As the Air Force Recruiting Service works to increase its presence in new parts of the country to help solve its recruiting challenge, its leader wants to make sure recruiters working far from military medical facilities have access to health care and are reimbursed for long travel times to and from doctors’ visits.
“We charge our recruiters with the critical job of finding youth willing and able to serve and protect our nation,” AFRS commander Brig. Gen. Christopher Amrhein said in a recent press release. “In turn, it’s our responsibility to support these Airmen and their families to the absolute best of our ability.”
On Jan. 11, Amrhein met with Defense Health Agency and TRICARE officials to develop strategies for some of the issues recruiters encounter when located far from a base, including:
- Staffing shortages both in local communities and across the Military Health System
- Outdated “find a doc” directories, where providers who no longer take TRICARE are often listed
- Lack of clarity on TRICARE benefits for service members far from military health facilities
- Costs and delays in home-delivery prescriptions
The release noted that broader challenges, such as the health care worker shortage, will take time to resolve, but DHA and AFRS want to start with low-hanging fruit, such as improving awareness and ease of use for TRICARE Prime Remote, a no-fee plan for active duty and some activated reserve component members and families who are more than 50 miles or one hour’s drive from a military hospital or clinic.

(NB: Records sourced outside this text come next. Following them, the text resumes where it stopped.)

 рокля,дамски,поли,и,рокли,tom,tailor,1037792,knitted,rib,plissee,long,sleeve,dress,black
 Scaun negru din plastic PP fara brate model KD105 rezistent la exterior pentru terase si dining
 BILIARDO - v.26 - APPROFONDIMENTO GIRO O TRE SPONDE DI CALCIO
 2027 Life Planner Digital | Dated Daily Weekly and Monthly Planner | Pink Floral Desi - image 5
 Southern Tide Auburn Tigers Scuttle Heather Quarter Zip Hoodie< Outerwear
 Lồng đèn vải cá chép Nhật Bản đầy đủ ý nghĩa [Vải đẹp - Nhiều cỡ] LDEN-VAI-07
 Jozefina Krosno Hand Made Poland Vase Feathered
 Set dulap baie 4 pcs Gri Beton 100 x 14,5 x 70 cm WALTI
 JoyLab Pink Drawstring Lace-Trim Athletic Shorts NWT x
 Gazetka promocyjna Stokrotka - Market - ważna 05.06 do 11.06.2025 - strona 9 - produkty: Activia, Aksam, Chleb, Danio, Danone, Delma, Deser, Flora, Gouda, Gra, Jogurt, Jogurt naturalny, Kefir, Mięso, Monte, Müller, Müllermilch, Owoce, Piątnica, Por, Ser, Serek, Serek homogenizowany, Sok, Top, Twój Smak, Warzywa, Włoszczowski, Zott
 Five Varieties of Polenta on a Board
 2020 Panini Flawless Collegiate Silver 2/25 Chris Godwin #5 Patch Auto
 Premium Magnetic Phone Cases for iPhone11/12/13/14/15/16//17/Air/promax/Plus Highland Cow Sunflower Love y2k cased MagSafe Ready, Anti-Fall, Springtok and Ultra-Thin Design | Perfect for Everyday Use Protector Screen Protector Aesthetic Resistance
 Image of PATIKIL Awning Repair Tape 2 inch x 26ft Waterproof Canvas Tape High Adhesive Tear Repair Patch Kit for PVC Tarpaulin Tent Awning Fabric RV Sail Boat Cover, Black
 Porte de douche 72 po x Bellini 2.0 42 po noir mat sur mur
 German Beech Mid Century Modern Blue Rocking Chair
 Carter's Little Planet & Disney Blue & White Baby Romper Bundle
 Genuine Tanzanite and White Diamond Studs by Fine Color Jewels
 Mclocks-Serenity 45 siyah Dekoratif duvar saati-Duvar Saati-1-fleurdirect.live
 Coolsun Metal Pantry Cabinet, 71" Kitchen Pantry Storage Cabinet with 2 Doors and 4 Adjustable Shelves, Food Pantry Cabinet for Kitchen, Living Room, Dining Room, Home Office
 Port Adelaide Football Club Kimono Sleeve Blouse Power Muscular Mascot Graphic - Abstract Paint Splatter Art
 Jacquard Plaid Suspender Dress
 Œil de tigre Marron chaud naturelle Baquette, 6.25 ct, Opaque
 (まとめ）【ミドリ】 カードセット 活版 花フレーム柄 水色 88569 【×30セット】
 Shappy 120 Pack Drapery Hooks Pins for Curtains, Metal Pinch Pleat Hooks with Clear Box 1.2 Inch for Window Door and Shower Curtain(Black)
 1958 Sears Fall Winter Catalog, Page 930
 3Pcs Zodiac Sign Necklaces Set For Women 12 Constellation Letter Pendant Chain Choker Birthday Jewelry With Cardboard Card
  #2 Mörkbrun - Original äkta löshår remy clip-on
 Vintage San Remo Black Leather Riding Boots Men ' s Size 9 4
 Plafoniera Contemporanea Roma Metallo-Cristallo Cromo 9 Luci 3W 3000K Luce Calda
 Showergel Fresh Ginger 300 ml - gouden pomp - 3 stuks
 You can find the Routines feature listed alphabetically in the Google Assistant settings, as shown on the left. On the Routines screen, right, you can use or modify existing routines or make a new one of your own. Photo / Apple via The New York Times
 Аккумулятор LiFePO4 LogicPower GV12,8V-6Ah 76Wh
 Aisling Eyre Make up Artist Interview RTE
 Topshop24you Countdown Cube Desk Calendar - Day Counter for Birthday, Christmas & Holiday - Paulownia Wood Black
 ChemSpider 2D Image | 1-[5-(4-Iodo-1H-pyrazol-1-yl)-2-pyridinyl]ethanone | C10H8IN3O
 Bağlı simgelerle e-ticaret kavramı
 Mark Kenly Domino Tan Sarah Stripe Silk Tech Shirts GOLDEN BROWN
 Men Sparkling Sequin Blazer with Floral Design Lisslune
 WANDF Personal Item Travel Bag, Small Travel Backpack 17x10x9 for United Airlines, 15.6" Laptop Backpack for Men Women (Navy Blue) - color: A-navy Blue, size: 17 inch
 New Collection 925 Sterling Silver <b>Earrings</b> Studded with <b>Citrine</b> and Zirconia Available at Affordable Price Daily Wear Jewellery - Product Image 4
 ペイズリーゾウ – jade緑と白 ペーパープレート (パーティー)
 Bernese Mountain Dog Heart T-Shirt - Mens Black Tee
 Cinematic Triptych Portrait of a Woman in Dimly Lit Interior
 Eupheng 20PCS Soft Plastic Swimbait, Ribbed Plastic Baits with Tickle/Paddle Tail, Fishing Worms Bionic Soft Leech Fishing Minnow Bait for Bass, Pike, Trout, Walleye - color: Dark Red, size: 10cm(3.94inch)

“The drive time standard is crucial for recruiters stationed in traffic-heavy cities like Chicago, where an hour drive can quickly extend to two or three,” the release said.
Amrhein wants to make sure recruiters understand the resources available to them through Prime Remote, including Prime Travel Benefit, which reimburses participants for health care-related travel expenses. Starting in February, AFRS will hold monthly TRICARE briefings for Air Force recruiters in training and their families, though the exact date and time for the first brief has not yet been scheduled, a spokesperson told Air & Space Forces Magazine. About 1,500 of AFRS’ total 2,700 recruiters are stationed away from a military installation, she added.
“Our aim is to provide our recruiters with health care information prior to their first assignment,” Amrhein said in the release. “We want them to feel supported from the start.”
In the meantime, AFRS also wants to identify the places “with the greatest access or provider directory challenges,” so that DHA can focus its improvements on those areas.
T-5 Refresh
Though the Jan. 11 meeting was focused on Air Force recruiters and their families, the takeaways could help DHA understand the challenges all remote military families face, a spokesperson for Defense Health Network Central, DHA’s largest health care network, told Air & Space Forces Magazine.
“The lessons learned and solutions implemented by DHA and the Air Force Recruiting Service will improve access to care not only for Air Force recruiters, but for all service members and their families in remote locations around the world,” the spokesperson said.
One change coming soon is a new TRICARE contract known as T-5 which is scheduled to begin in 2025. The new contract is meant to enhance provider network flexibility, boost telehealth resources, streamline referral transfers, and other improvements, according to a TRICARE release.
Many of these changes could be moot without up-to-date provider directories, which DHA hopes to achieve through “frequent and large-scale audits,” the DHA release said.
It will be a long road, as there are over 800,000 participating providers in just the TRICARE East region. To speed things along, T-5 will include a link for beneficiaries to report provider discrepancies on the TRICARE West website. As of now, only TRICARE East has that feature.
The upcoming changes will arrive amid a wider reckoning in the Military Health System, many of whose 9.6 million beneficiaries reported long wait times and staffing shortages at military treatment facilities.
“The need to stabilize the MHS is clear,” an MHS official wrote in a statement. “The realignment of medical personnel and the volatile health care economy of the past three years created challenges in the care of beneficiaries.”
The statement promised a review of all medical manpower and staffing by June 30, as well as a “limited redistribution” of providers to a few key locations no later than July 1.
“We are going to rebuild that capacity first to earn trust from our beneficiaries.” Dr. David Smith, the deputy assistant secretary of defense for health readiness policy and oversight, said in a statement.